Sementara itu, saat dimintai tanggapan keterangan Alim Markus, Sudikerta langsung membantah. Mantan Wabup Badung dan Wagub Bali itu menyebut tidak semua yang dikatakan Alim benar.
“Yang mana keterangan tidak benar?” tanya hakim Esthar. Dijelaskan Sudikerta, dia tidak pernah menyatakan punya tanah dua bidang tanah sebagaimana yang dikatakan Alim.
Tanah milik Sudikerta hanya seluas 3.300 meter persegi. “Yang kedua, saya membantah karena yang menawarkan tanah ini bukan saya. Dari awal saya tidak kenal beliau (Alim Markus),” sangkal Sudikerta.

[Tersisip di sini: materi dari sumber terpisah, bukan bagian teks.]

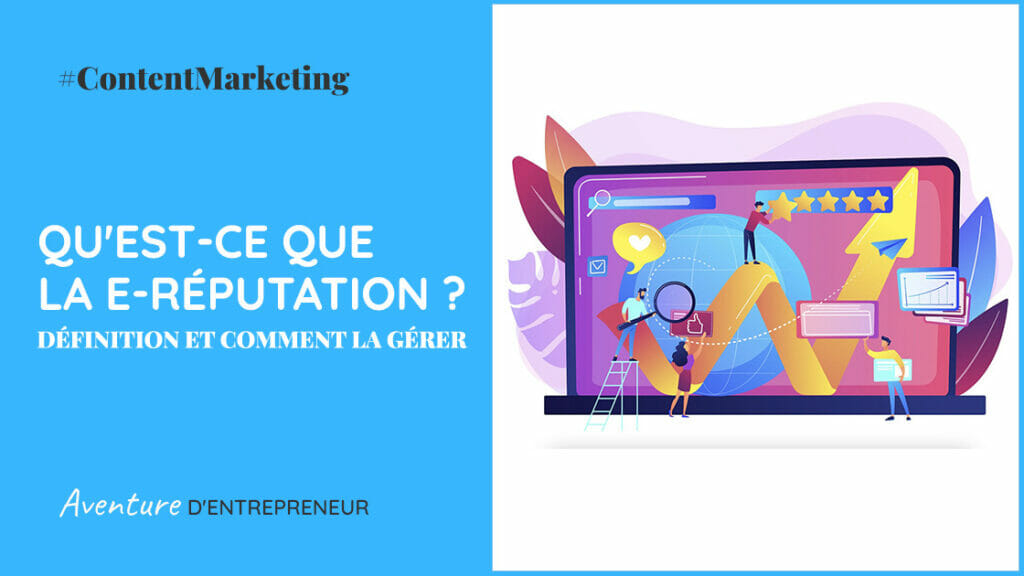 definition ereputation content marketing reseaux sociaux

Ditambahkan, yang menawarkan tanah pertama adalah Hendri Kaunang, presiden komisaris PT Maspion Group bersama Wayan Santoso. Keduanya datang ke rumah Sudikerta pada 2012.
Selanjutnya pada 2013 status tanah dicek ke notaris dan dinyatakan bersih semua. Setelah tiga bulan lebih baru datang Hendri Kaunang menyatakan tanah tidak jadi dibeli semua oleh PT Maspion Group.

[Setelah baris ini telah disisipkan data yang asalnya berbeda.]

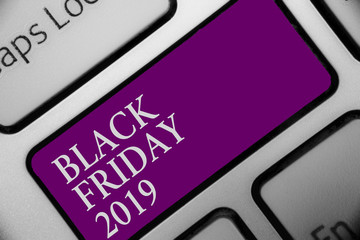 Handwriting text Black Friday 2019. Concept meaning day following Thanksgiving Discounts Shopping...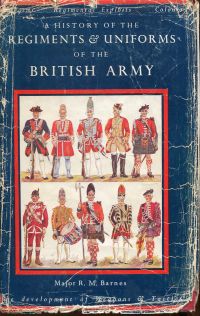 Barnes, A history of the regiments & uniforms of the British Army. (Umschlag)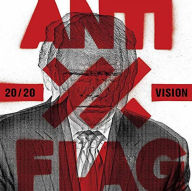 Title: 20/20 Vision, Artist: Anti-Flag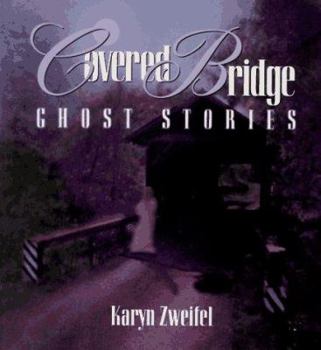 Paperback Covered Bridge Ghost Stories Book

Akhirnya Sudikerta ditawari kerja sama membentuk kongsi untuk membangun hotel bintang lima. PT Marindo Investama milik PT Maspion Group dijadikan satu dengan PT Pecatu Bangun Gemilang.
Lahirlah PT Marindo Gemilang. Dalam perusahaan tersebut PT Marindo Investama berhak atas saham 55 persen, dan PT Pecatu Bangun Gemilang berhak 45 persen.
“Yang ketiga, saya bantah menerima uang (Rp 149 miliar). Uang itu ditransfer ke rekening PT Pecatu Bangun Gemilang yang merupakan rekanan saya. Pemanfaatan dananya untuk saya pribadi tidak ada. Semua untuk perusahaan,” kilahnya.
Menanggapi bantahan Sudikerta, Alim tetap pada keterangannya. Ditemui usai sidang, Alim hanya tersenyum sinis atas keterangan Sudikerta.
“Tanya saja uangnya lari ke mana. Itu (uang Rp 149 miliar) sudah jelas. Tanya di kepolisian,” ucapnya singkat.
Selain Alim, dihadirkan pula Sugiharto, 68, penasihat hukum Alim, Eska Kanasut, 66, karyawan PT Maspion Group, Ida Ayu Mas Sukerti, 51, karyawan di notaris Sujarni, dan notaris Ni Nyoman Sujarni, 64, notaris dan PPAT di Kuta.
Namun, untuk pemeriksaan Sujarni ditunda karena notaris yang dihadirkan sebagai saksi harus ada izin dari mahkamah kehormatan notaris.